The doppelganger is becoming one of the main ways your content gets encountered, not as a page someone lands on, but as a source something else reads and then speaks, summarizes, or acts on. The audience for the semantic layer isn't shrinking to a niche. It's growing to a scale the web hasn't seen before.

And the work isn't new. Semantic HTML, clean heading hierarchy, meaningful link text, structured data, none of it is a special AI accommodation. It's what well-built code has always looked like.

It Was Always Clean Code…

Designing for the doppelganger isn't a new discipline. It's the one good engineers have practiced all along.

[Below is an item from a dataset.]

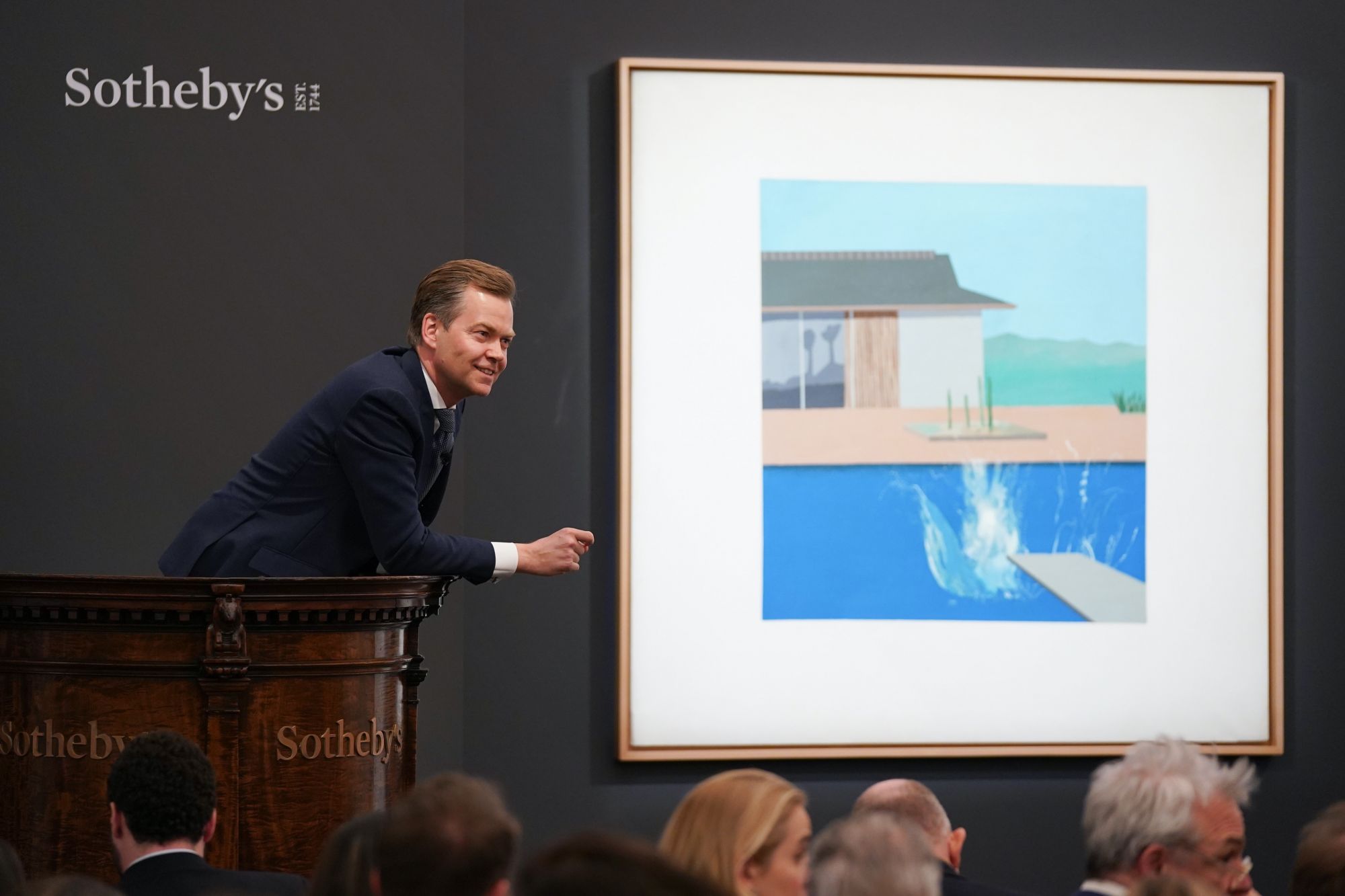 倫敦蘇富比當代藝術晚拍總成交額達9000多萬英鎊,David Hockney重要鉅作以天價成交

A page with proper heading hierarchy, real landmarks, semantic elements, and descriptive link text isn't optimized for agents. It's just built correctly. The structure that lets a doppelganger understand your page is the same structure that makes your code maintainable, your markup legible, and your intent durable. Clean code is the version of your site that holds up when the visual layer is stripped away.

Conclusion

The visitor is new. The discipline isn't.

Build the page correctly, and you've already designed for the doppelganger, not as extra work, not as an AI accommodation, but as the thing clean code was always meant to be: a site that means what it says, in the markup and not just on the screen.

The doppelganger is this decade's version of a visitor that can't see your design. There will be others. Clean code was the right answer before any of them arrived, and it stays the right answer no matter what shows up next.

Two visitors. Two perspectives. One layer that was always worth building right.